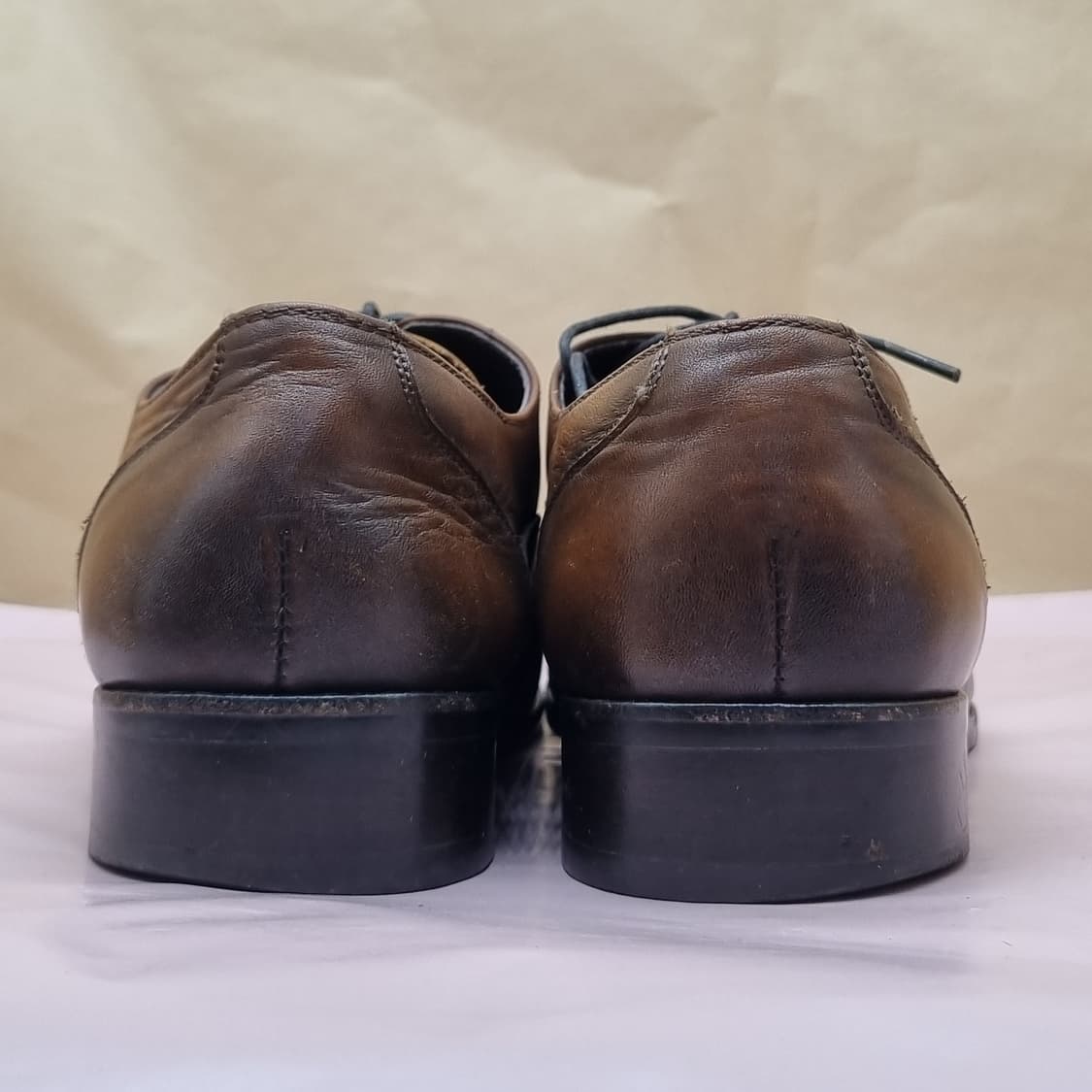 무크 남성정장구두 실사이즈 265 상품이미지3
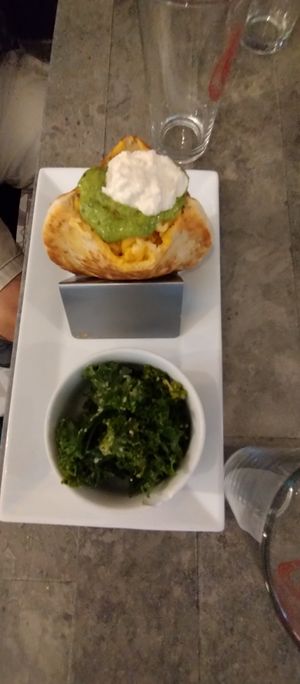  at The Vegetable Hunter Cafe and Boutique Brewery in Harrisburg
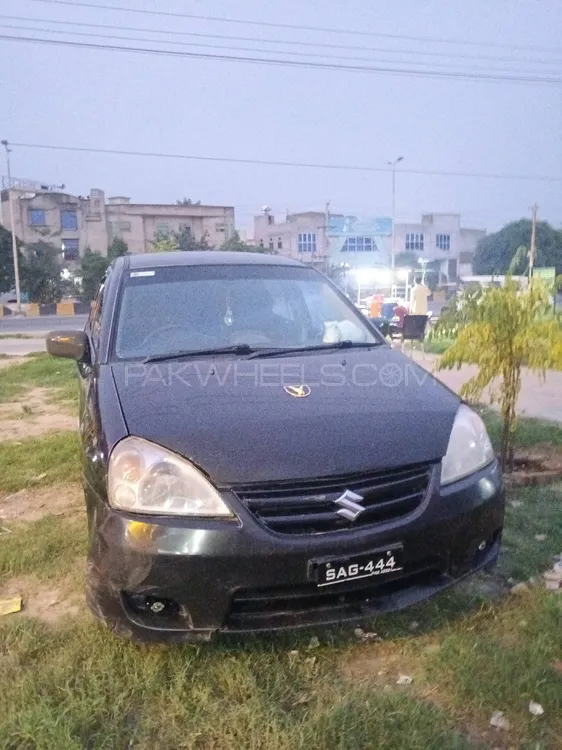 Suzuki Liana 2008 for Sale in Lala musa Image-1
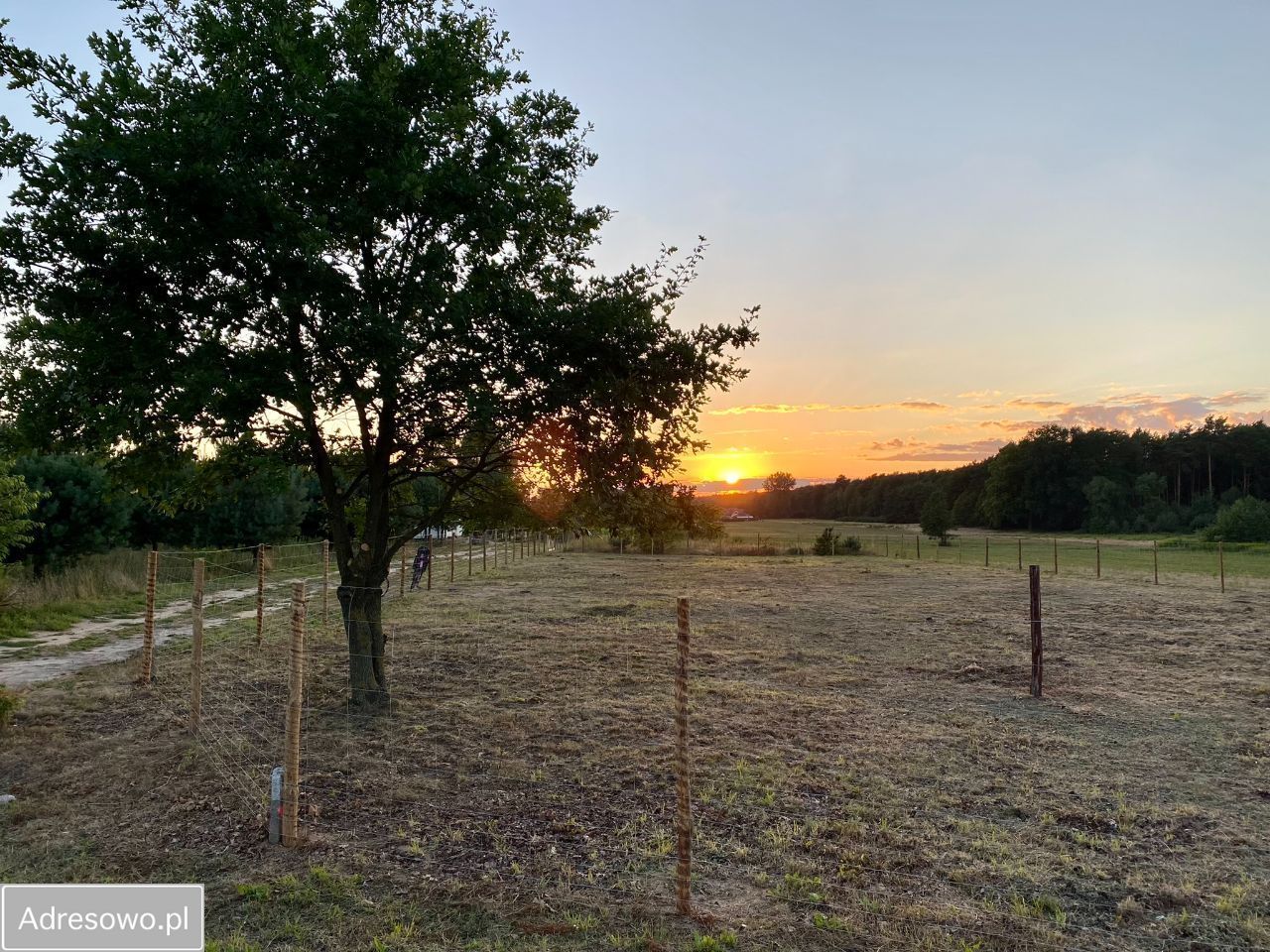 Działka budowlana Sokołówek, ul. Urocza. Zdjęcie 10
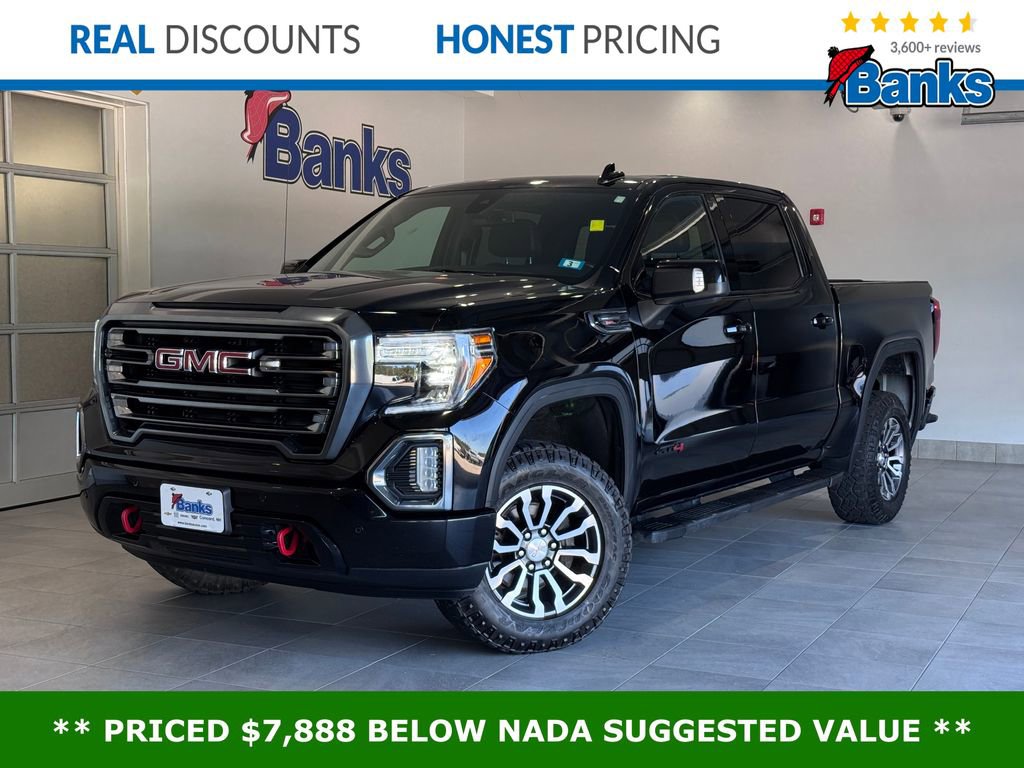 2020 GMC Sierra 1500 AT4's photo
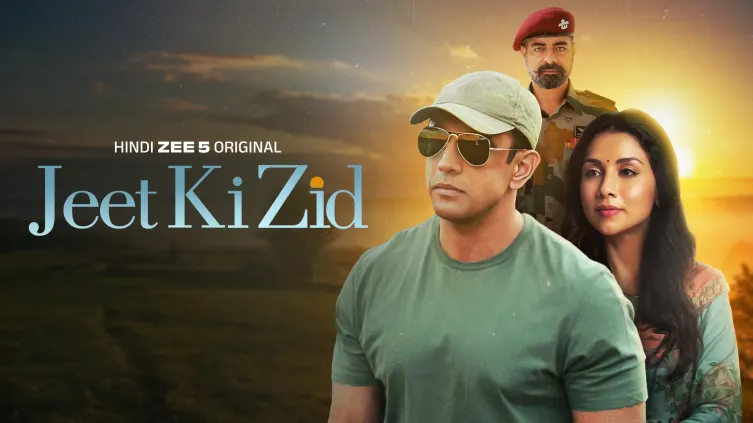 Jeet Ki Zid Web Series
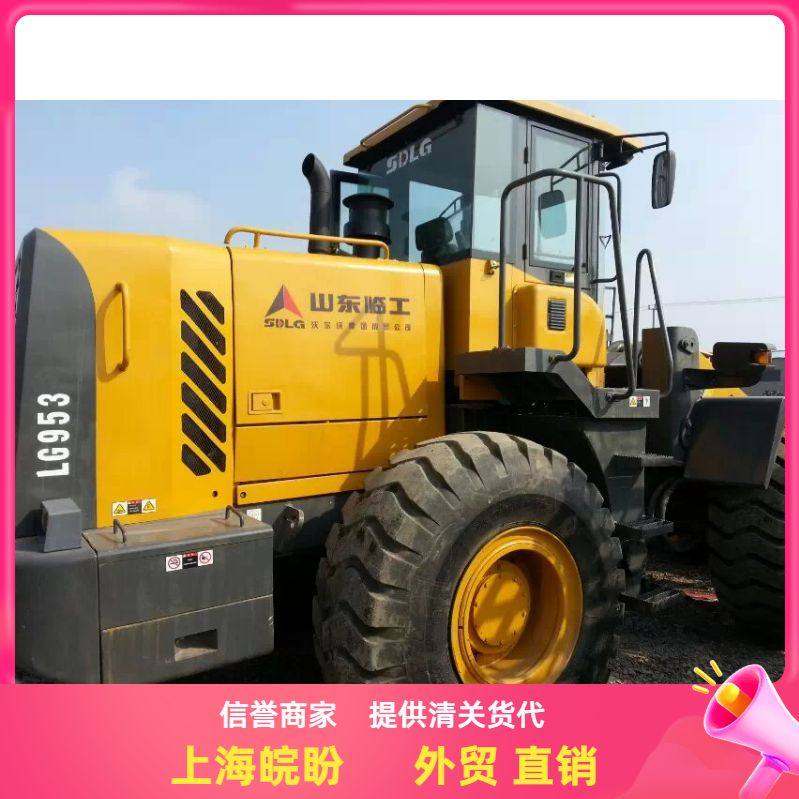 二手小型装载机 临工50二手装载机 新到临工新款二手50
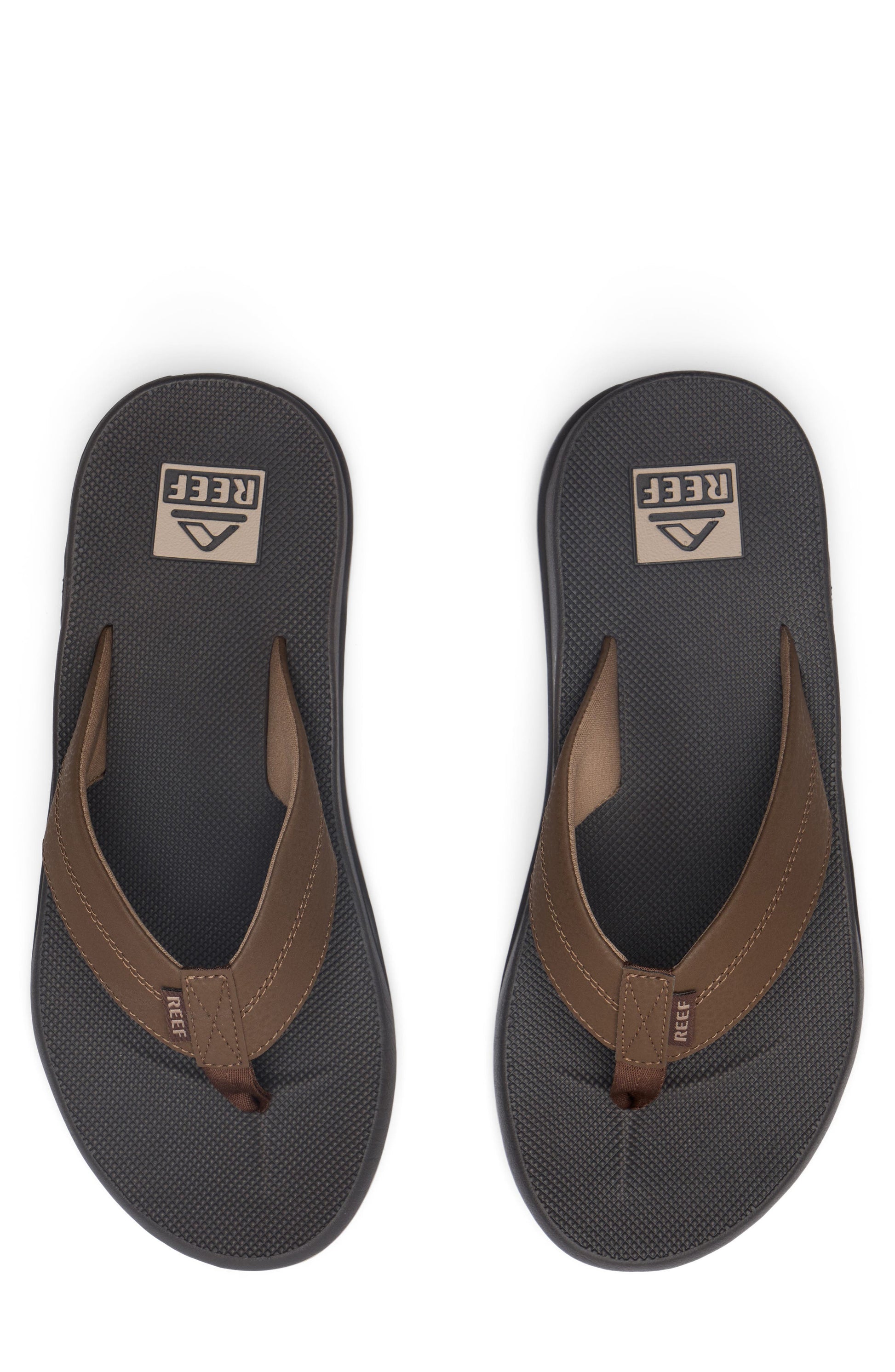 BROWN/ DARK BROWN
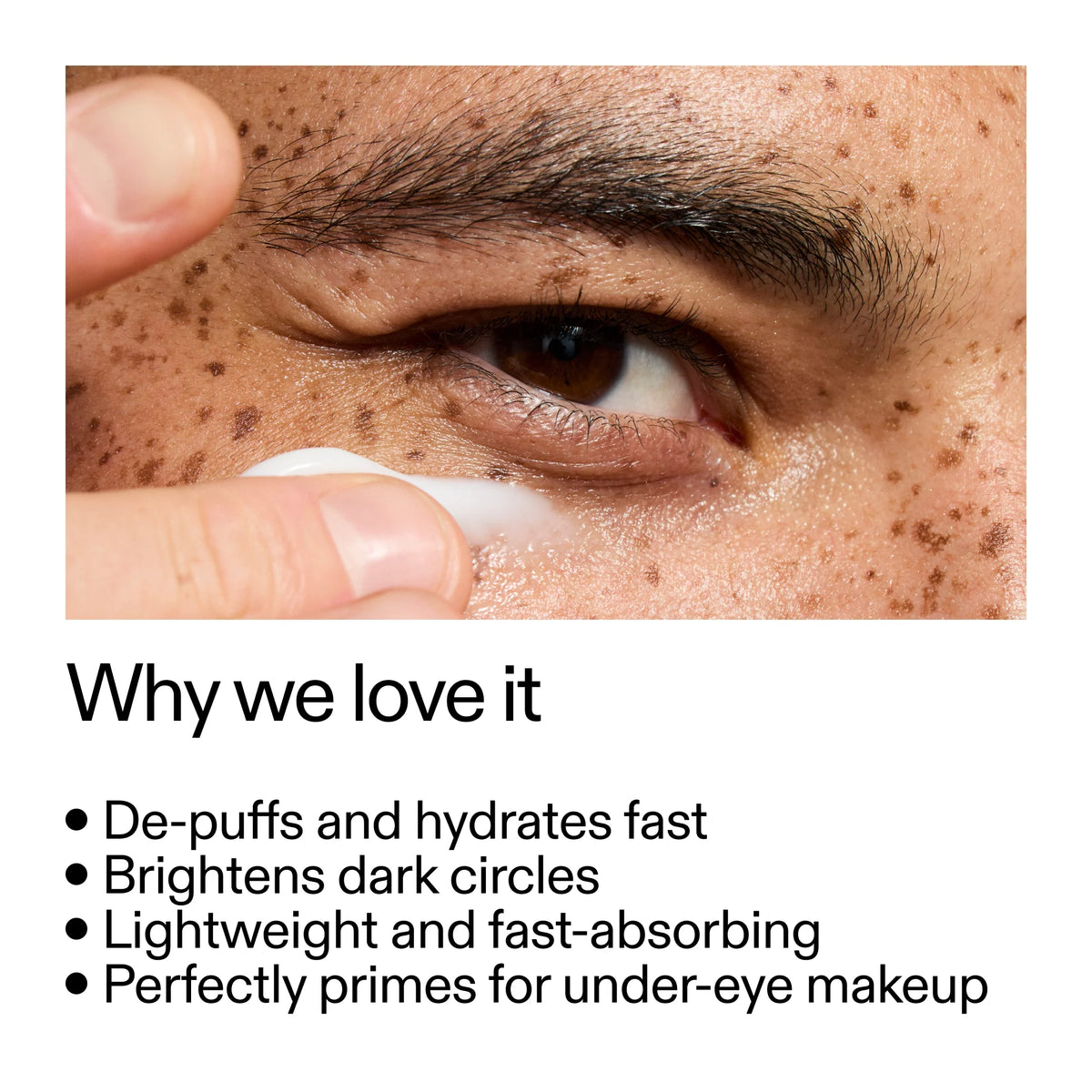 Caffeine Eye Cream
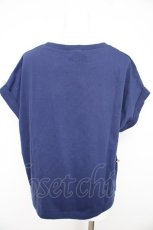 画像2: axes femme / プリントTシャツ  白 Y-26-02-21-027-AX-TO-SZ-ZS (2)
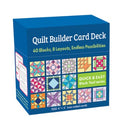 Quilt Builder Card Deck - MPHOnline.com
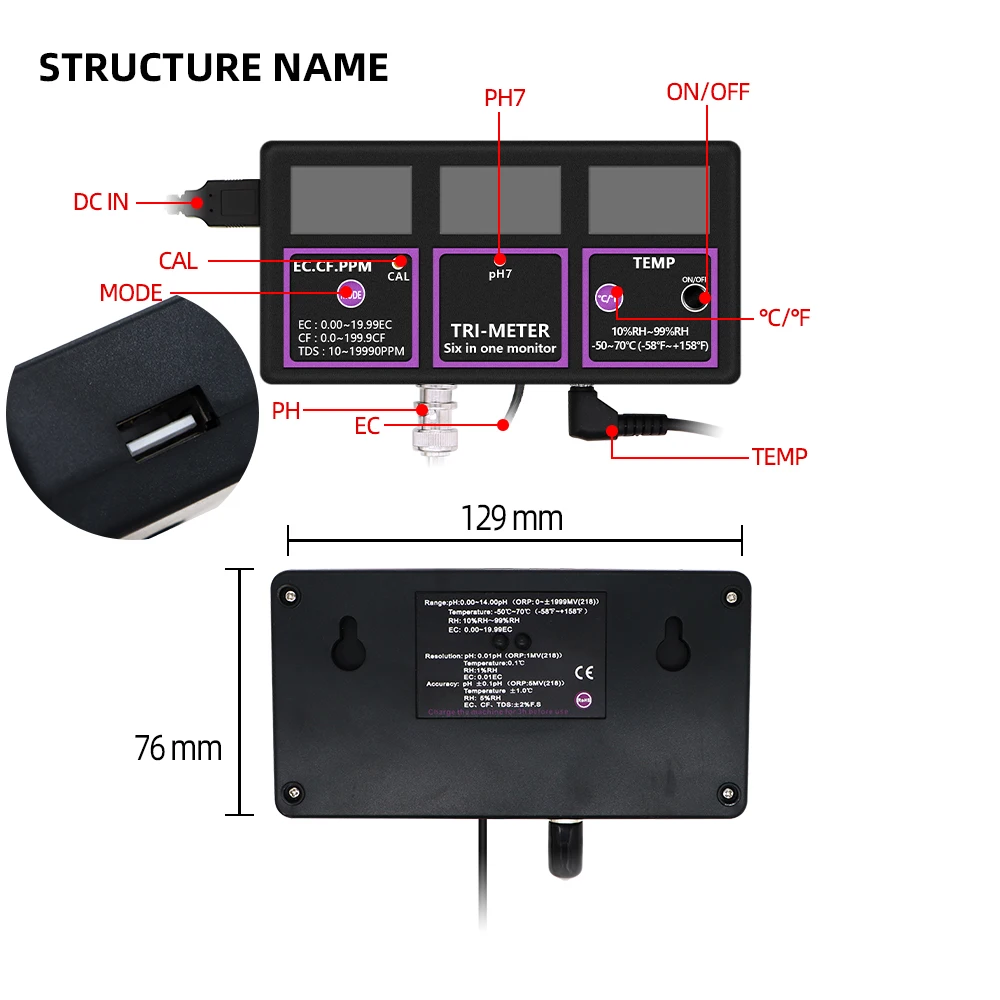 cf rh tds verificador digital multi parametro 03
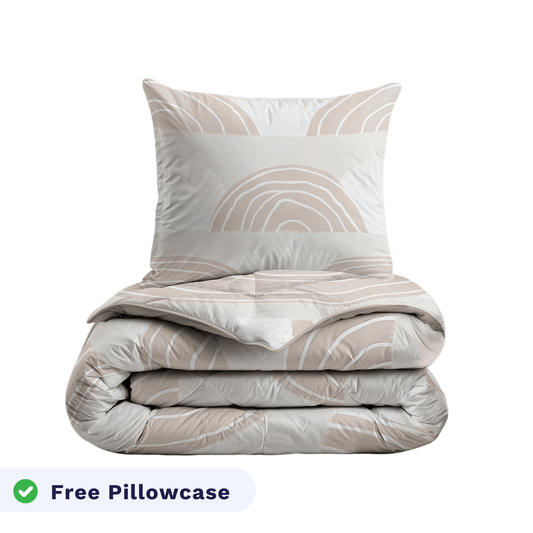 Zelesta Kiddybed Cotton - Dune Dreams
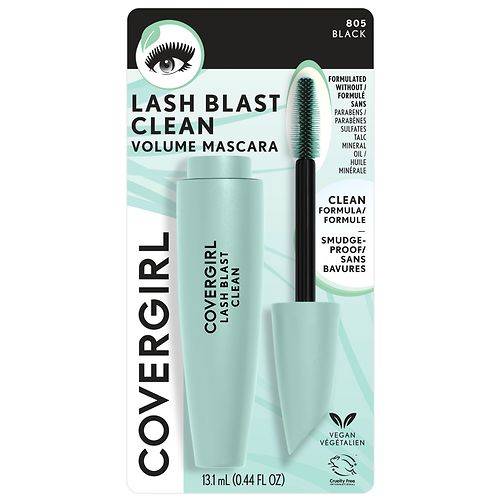 CoverGirl Lash Blast Clean Volume Mascara - 0.44 fl oz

____

With pictures excluded, restate word for word the lines from the one that contains "2020 GMC Sierra 1500 AT4's photo" through the end of the material, inclusive, and nothing more.

▸ ANSWER TO THIS PROBLEM
 2020 GMC Sierra 1500 AT4's photo
 Jeet Ki Zid Web Series
 二手小型装载机 临工50二手装载机 新到临工新款二手50
 BROWN/ DARK BROWN
 Caffeine Eye Cream
 画像2: axes femme / プリントTシャツ  白 Y-26-02-21-027-AX-TO-SZ-ZS (2)
 Quilt Builder Card Deck - MPHOnline.com
 cf rh tds verificador digital multi parametro 03
 Zelesta Kiddybed Cotton - Dune Dreams
 CoverGirl Lash Blast Clean Volume Mascara - 0.44 fl oz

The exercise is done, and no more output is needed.